Ci eravamo sbagliati, e non di poco: Kipo e l’era delle creature straordinarie non era qui per restare. Giunta alla terza stagione, la serie Netflix creata da Radford Sechrist e Bill Wolkoff si iscrive al registro delle vittime degli ultimi tagli di Netflix, o se preferite una versione più nobile non cede alle lusinghe della serializzazione infinita e abbraccia invece la sua natura più letteraria, da classica trilogia fantasy, con dieci episodi che portano a termine un arco narrativo cominciato a gennaio di quest’anno e ora arrivato a una soddisfacente, ma un po’ prematura, conclusione.

Kipo gruppo

Non preoccupatevi, non vi abbiamo spoilerato nulla, anche perché la notizia che non ci sarà una quarta stagione l’ha già, appunto, data ufficialmente Netflix; e comunque non avete idea di cosa vi aspetta. Anche perché è onestamente difficile farsi distrarre da fattori esterni o considerazioni filosofiche: la terza stagione di Kipo procede fin dalla prima scena a un ritmo travolgente, con gli occhi sempre puntati sull’orizzontalità del racconto e sul traguardo finale (lo scontro, promesso già dal finale della scorsa stagione, tra Kipo ed Emilia) – pur senza rinunciare mai del tutto alla sua natura verticale e all’auto-conclusività dei singoli episodi ovviamente. È solo che questa volta la posta in palio è ancora più alta (e d’altra parte è sempre andata in crescendo stagione dopo stagione), talmente alta che con il susseguirsi degli episodi diventa sempre più difficile chiudere Netflix e mettersi a fare altro: la terza stagione di Kipo contiene più cliffhanger delle due precedenti sommate.

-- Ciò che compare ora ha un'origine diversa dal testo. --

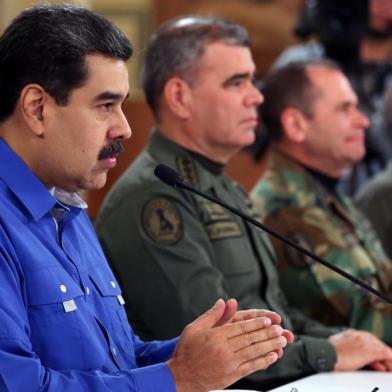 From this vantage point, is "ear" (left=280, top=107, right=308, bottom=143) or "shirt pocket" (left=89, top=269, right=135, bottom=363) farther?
"ear" (left=280, top=107, right=308, bottom=143)

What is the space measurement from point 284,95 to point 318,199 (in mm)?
381

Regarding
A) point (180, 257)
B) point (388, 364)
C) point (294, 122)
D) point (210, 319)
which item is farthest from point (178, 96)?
point (210, 319)

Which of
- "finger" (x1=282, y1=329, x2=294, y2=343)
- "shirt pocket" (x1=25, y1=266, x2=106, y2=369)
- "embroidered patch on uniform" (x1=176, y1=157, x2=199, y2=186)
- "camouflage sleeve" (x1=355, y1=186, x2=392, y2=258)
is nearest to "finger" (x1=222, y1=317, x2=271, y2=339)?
"finger" (x1=282, y1=329, x2=294, y2=343)

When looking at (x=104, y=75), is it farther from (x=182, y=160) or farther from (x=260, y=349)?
(x=182, y=160)

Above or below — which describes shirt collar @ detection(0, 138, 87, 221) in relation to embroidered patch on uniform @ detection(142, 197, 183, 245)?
Answer: above

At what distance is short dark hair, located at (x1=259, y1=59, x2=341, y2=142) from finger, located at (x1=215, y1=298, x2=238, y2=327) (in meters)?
1.54

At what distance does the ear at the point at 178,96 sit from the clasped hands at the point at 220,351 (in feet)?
3.48

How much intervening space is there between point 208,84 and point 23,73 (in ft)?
3.45

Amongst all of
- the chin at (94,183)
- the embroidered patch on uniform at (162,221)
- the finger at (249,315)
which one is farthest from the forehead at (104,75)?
the embroidered patch on uniform at (162,221)

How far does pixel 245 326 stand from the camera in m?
1.72

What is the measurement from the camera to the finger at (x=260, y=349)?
1702 mm

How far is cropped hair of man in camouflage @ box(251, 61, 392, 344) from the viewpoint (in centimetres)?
296

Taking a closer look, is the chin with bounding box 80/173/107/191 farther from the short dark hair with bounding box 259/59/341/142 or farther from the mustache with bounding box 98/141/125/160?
the short dark hair with bounding box 259/59/341/142

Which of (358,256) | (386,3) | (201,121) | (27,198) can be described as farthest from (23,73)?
(386,3) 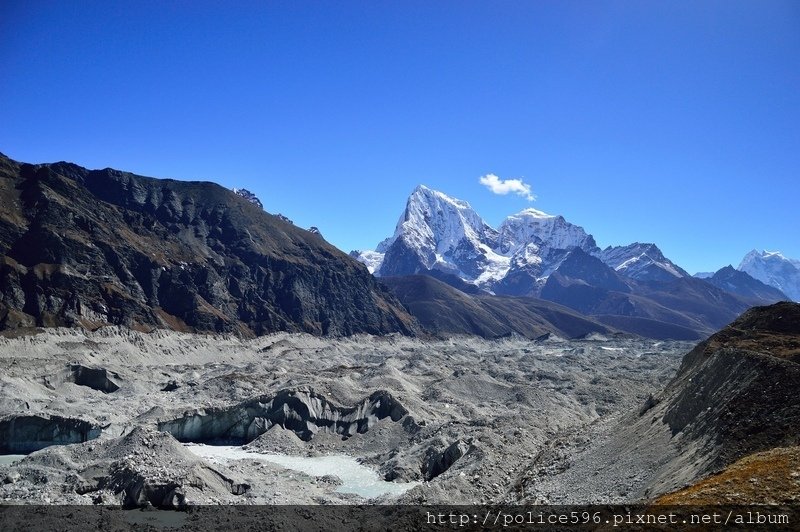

La terza stagione di Kipo è anche, curiosamente ma non troppo, quella che più si affida ai trope classici della narrazione post-apocalittica e più genericamente sci-fi/fantasy (diciamo “di genere”), al punto che in certi passaggi-chiave può risultare addirittura tradizionalista. Che non è necessariamente un male, soprattutto perché Sechrist sa giocare con gli archetipi e ribaltarli a sufficienza da ancorare la sua serie saldamente nel 2020: Kipo è una lampante dimostrazione del fatto che concetti come “rappresentazione”, “diversità” e “inclusività” possono convivere con “viaggio dell’eroina”, “arco di redenzione” e “nobile sacrificio”, non forzatamente e per compiacere un’inesistente agenda ma perché arricchiscono le storie tradizionali, le rinnovano e le rendono rilevanti in un modo nuovo adatto a un mondo nuovo.

Megajaguar

Cosa succede nella terza stagione di Kipo, vi state chiedendo? Be’, quello ovviamente non ve lo diciamo: tutti i pezzi in gioco erano già stati presentati con il finale della seconda (Emilia e la sua cura, Kipo e i suoi poteri, et cetera), e qui semplicemente si mettono in moto e cominciano a collidere, con conseguenze più o meno immaginabili; ci sono anche meno novità del solito, meno bizzarre creature mutanti, perché il focus di Sechrist e Wolkoff è prima di tutto sulla storia di un mondo che ormai è già stato abbondantemente esplorato. Attenzione, abbiamo detto “meno del solito”, non “nessuna”: il delfino mutante che canta kpop è l’unica che ci sentiamo di anticiparvi qui, ma in generale Kipo continua a essere quello che è sempre stata, cioè (anche) un modo per giocare con l’antropomorfizzazione delle bestie e con i paralleli comportamentali tra uomo e animale, un po’ come fa quell’altra famosa serie di Netflix con gli animali che parlano.

La verità su questa recensione però è un’altra: che è perfettamente inutile, perché se la state leggendo è perché avete già visto le prime due stagioni di Kipo (o almeno speriamo!), e non dovreste avere dubbi sulla visione della terza – quello che possiamo fare è assicurarvi che ne uscirete con il sorriso sulle labbra e le lacrime agli occhi. Se invece ancora non conoscete la più sottovalutata serie animata in circolazione, be’, Kipo è lì su Netflix che vi aspetta.